We need to be dogmatic here.
Jean-Luc Godard once said that any discussion of cinema must begin with D.W. Griffith. Good enough. Any article on the animated dog must start with Pluto.
He was the gentle pup who started a revolution. For film historians, he’s remembered as a breakthrough in character animation, the first cartoon personality actually to register thoughts and share inner feelings. But for dog partisans, he is (or should be) the canonical cartoon canine, the first animated character to move and breathe like an actual dog.
During Pluto’s long heyday in the 1930s and early 1940s, he redefined the way cartoon animals could be portrayed. His famous predecessors, whether Mickey Mouse, Felix the Cat or Oswald the Lucky Rabbit, were never meant to represent actual creatures. Their behavior and situational gags had nothing to do with the way mice, cats or rabbits actually behaved. But Pluto not only moved like a dog—four paws on the ground, his only sounds barks and growls, his main preoccupations sniffing, scratching and exploring—he actually seemed to think and react like a dog.
To watch Pluto battle a magnetized plate in Donald and Pluto or contemplate a gaggle of chicks in Pluto’s Quinpuplets is to see an animal go from dumb curiosity and mild surprise to anger and panic, and to understand all the while what is going on in the dog’s head.
Even more than that, Pluto made the cartoon world safe for dogs. Before Pluto, dogs kept getting the short end of the brush. In a feline-friendly world led by Felix the Cat, Krazy Kat and all their many clones, then turned upside down by Mickey Mouse and all his imitators, the animated dog was the stigmatized Other—doomed to play either the bullying villain or the bland two-legged sidekick when he wasn’t banished to bit parts as a nondescript member of the barnyard repertory company. As a personality, the canine ranked somewhere between the cow, the pig and the horse.
Not that animators didn’t try to make him a star. As early as 1928, with the arrival of talkies and Mickey Mouse mania, rival studios recognized that they needed strong characters to compete, and turned to dogs as a logical alternative to the overused celebrity cat of the silent era. So, for instance, the Fleischer studio, already famous for Koko the Clown, decided to upgrade Koko’s sidekick Bimbo, a generic cartoon puppy, and star him in a series of his own. Nothing worked. Then Fleischer started over with another kind of dog—a sexy French poodle with long ears, huge dewlap jowls and canine teeth that were joined to the bosomy body of a femme fatale. Damned odd and damned ugly. Only when Fleischer animator Grim Natwick started losing the dog parts, turning the ears into earrings, making the mouth girlish and giving her a button nose did a classic emerge: animation’s first bombshell, Betty Boop.
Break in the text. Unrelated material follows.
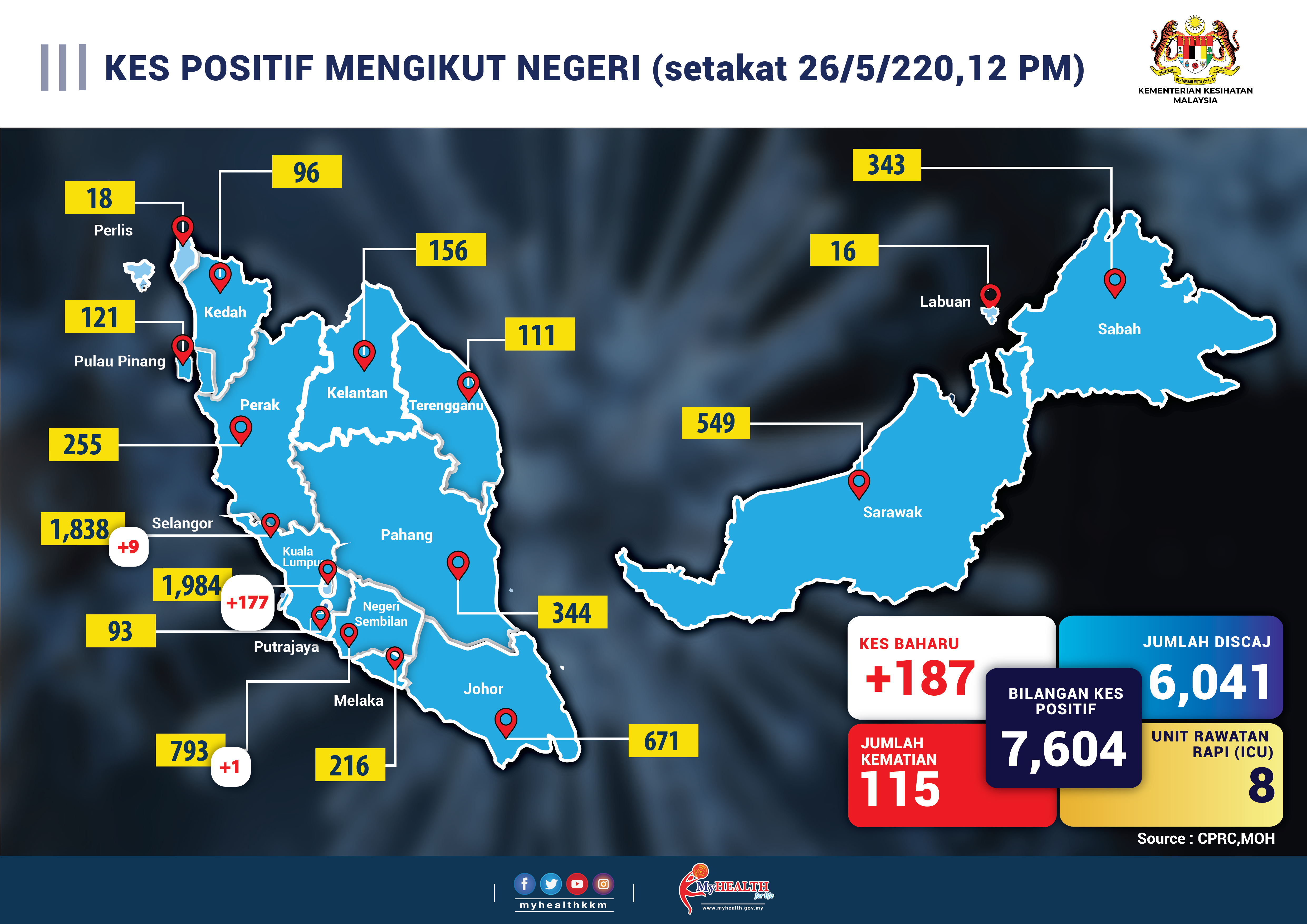 KesNegeri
If anything, the dog trials at Disney got even weirder. In the wake of Mickey’s stardom, the studio had been creating friends to flesh out Mickey’s barnyard universe. And in 1932, they experimented with a cartoon hound named Dippy Dawg. Dippy started as a country hick buried under whiskers and spectacles who ate peanuts and laughed a distinctive hiccup guffaw. Weak and (except for the laugh) nondescript as a dog, Dippy was eventually redesigned by master animator Art Babbitt, who worked from a more compelling model: Jo-Jo the Dog-Faced Boy.
Jo-Jo was a famous Barnum and Bailey circus freak attraction whose keepers thought he looked like a Basset. And, as historian Mark Langer was the first to notice, Dippy became a Jo-Jo caricature. He acquired Jo-Jo’s two widely spaced buck teeth, his harelip and his hang-drop jaw, which, combined with ex-circus clown Pinto Colvig’s chortling voice, turned him into a bashful, guffawing dimwit. Thus emerged Goofy: Dog as sideshow mutant.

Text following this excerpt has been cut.